Exercise: In the records below, repeat word for word only the lines starting at the one that contains "2023 Grand Design" and ending at the one that contains "Crianças a brincar", pictures excluded.

Provided data:

•••••

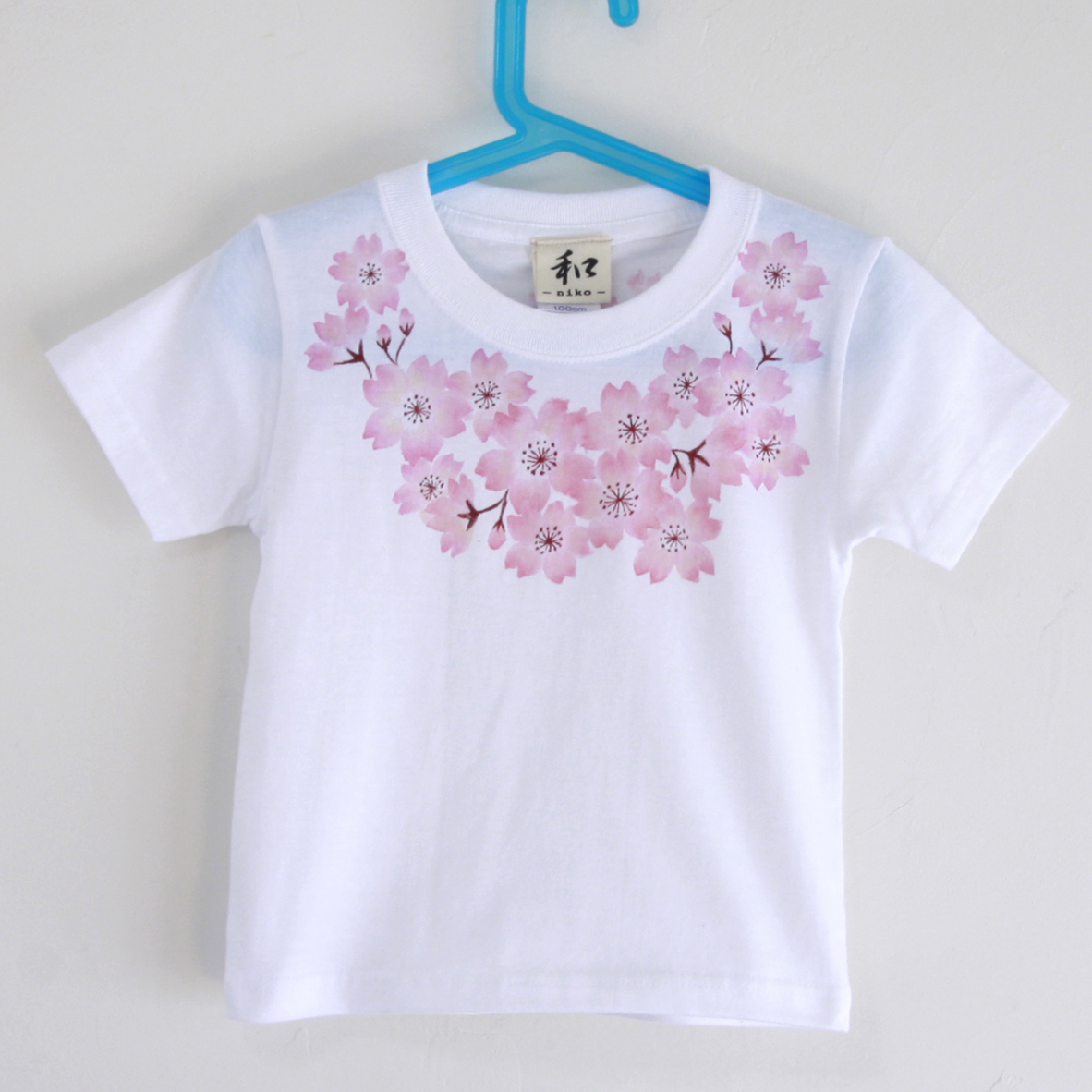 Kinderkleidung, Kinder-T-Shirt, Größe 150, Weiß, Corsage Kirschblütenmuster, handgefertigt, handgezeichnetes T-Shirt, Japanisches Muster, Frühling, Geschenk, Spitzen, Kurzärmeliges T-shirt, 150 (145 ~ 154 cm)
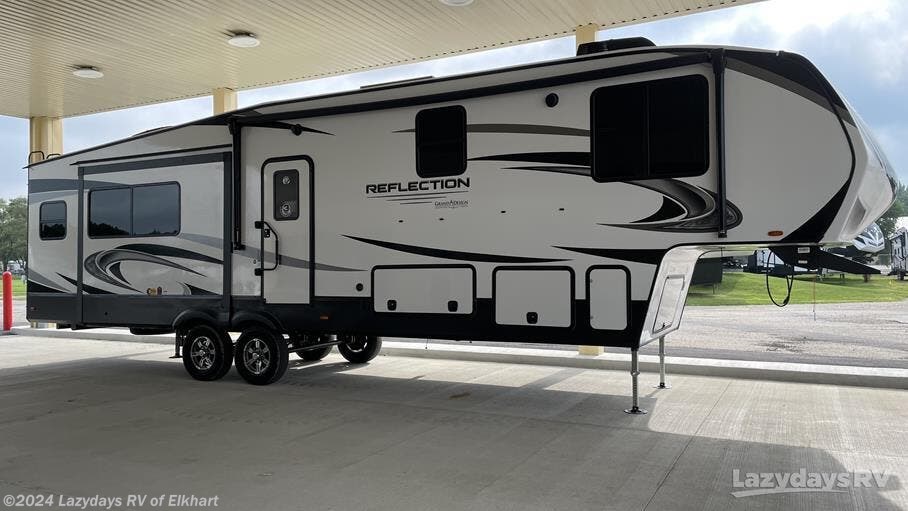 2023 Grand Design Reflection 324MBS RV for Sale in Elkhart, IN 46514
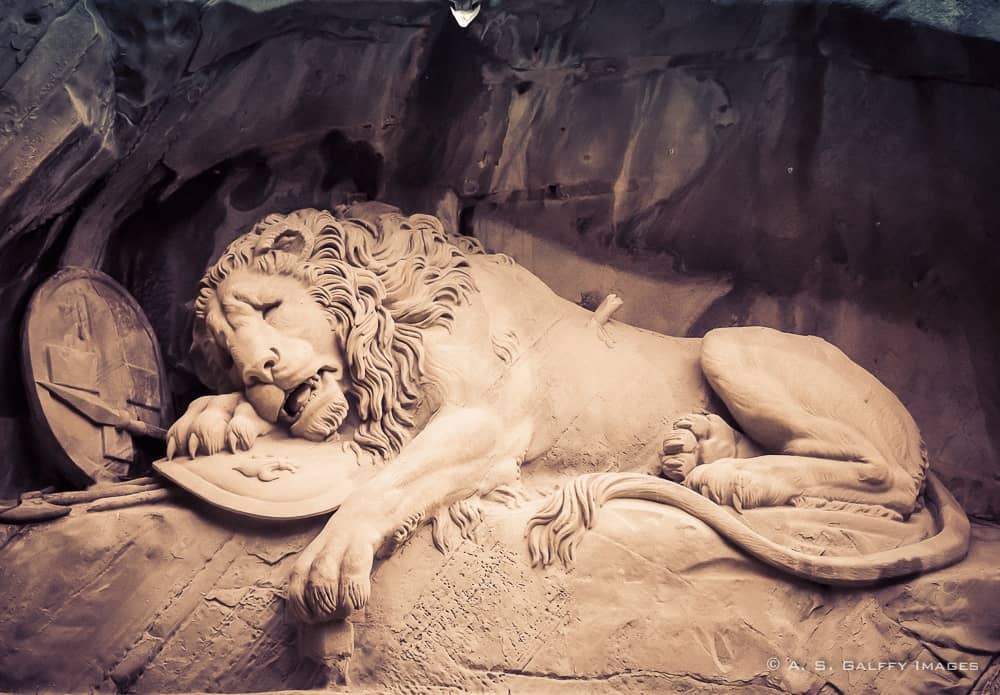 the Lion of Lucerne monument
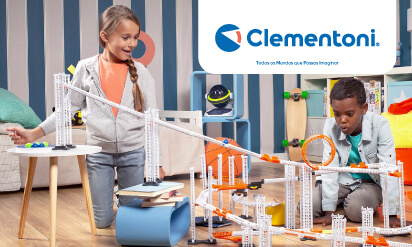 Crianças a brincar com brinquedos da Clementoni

•••••

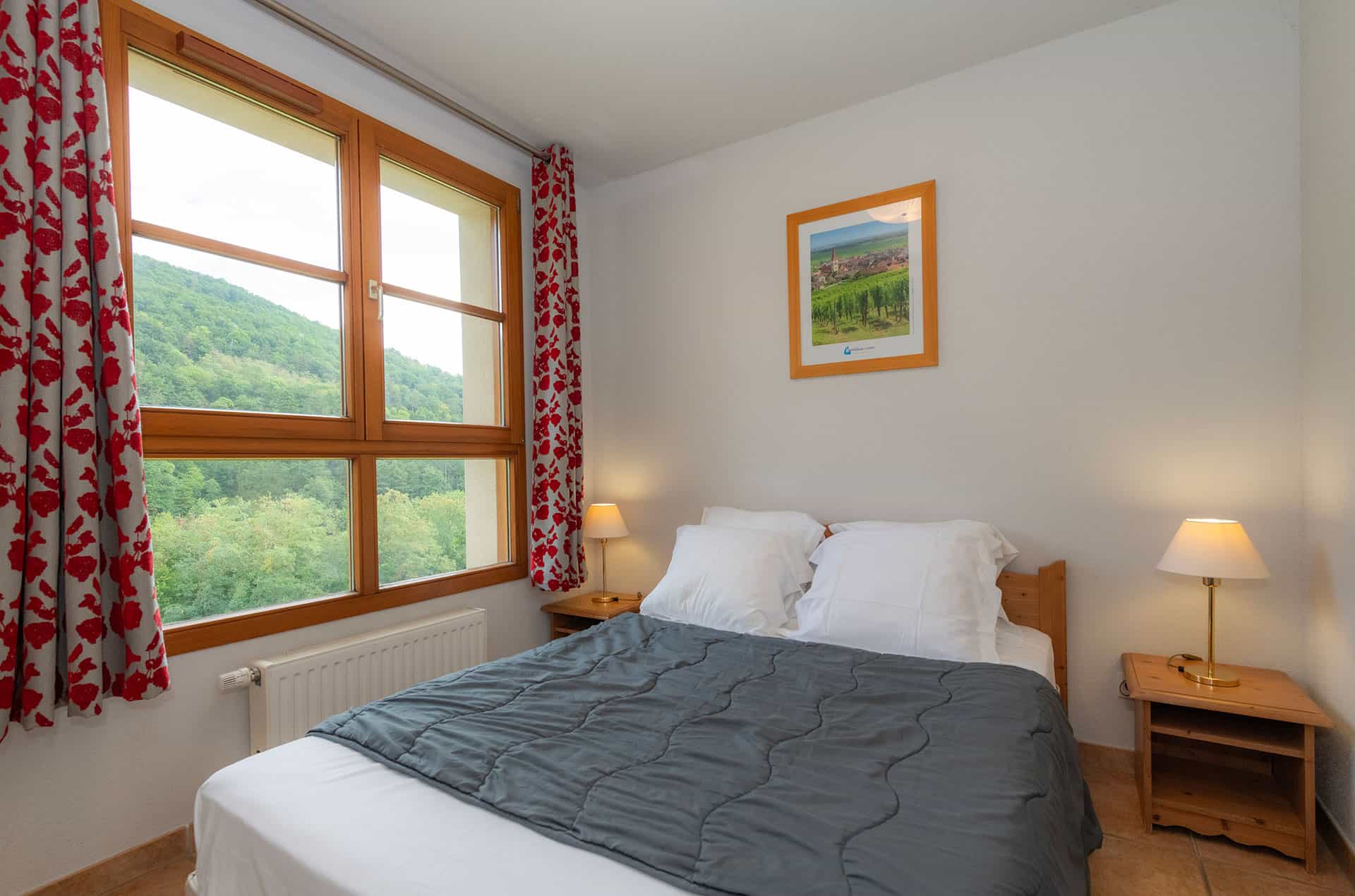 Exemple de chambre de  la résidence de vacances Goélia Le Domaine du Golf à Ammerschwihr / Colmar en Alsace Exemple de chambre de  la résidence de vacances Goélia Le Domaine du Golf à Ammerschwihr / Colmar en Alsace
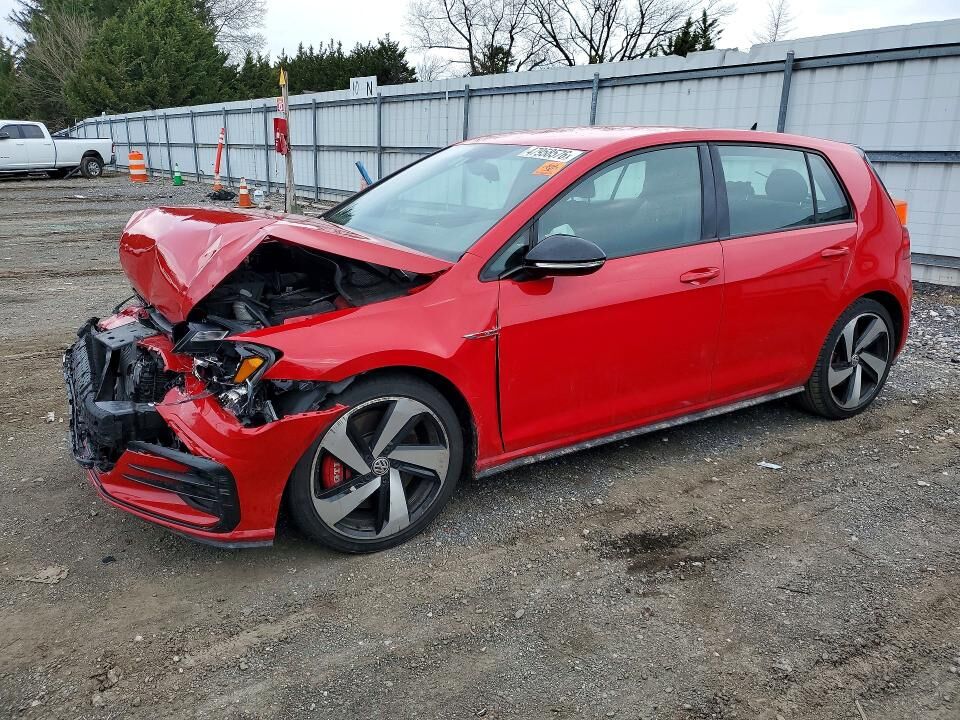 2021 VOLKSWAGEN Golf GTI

•••••

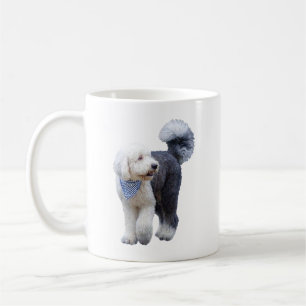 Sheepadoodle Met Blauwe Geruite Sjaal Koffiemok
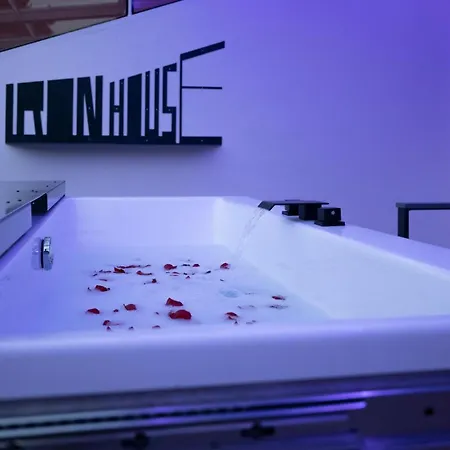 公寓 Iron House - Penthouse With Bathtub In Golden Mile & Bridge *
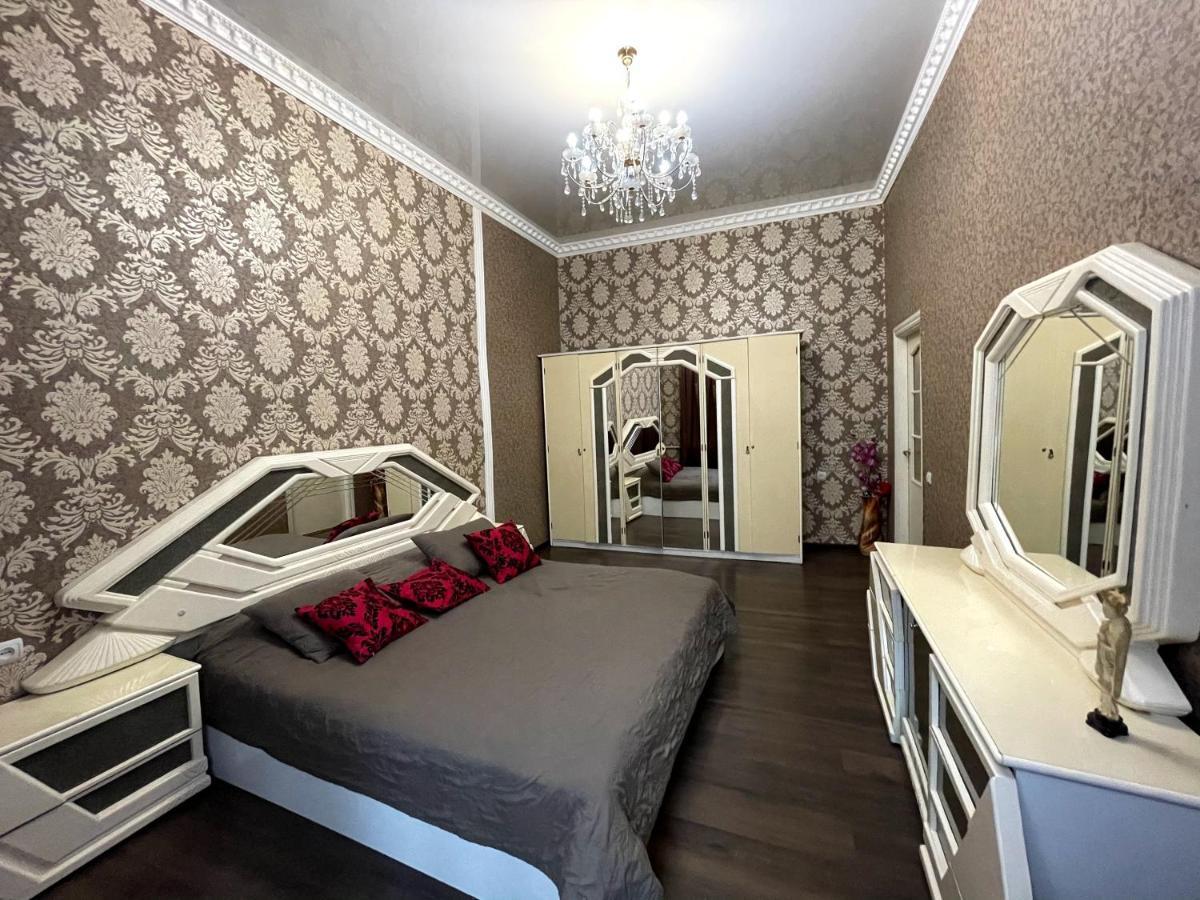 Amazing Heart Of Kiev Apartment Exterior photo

•••••

Reply to the task:
 2023 Grand Design Reflection 324MBS RV for Sale in Elkhart, IN 46514
 the Lion of Lucerne monument
 Crianças a brincar com brinquedos da Clementoni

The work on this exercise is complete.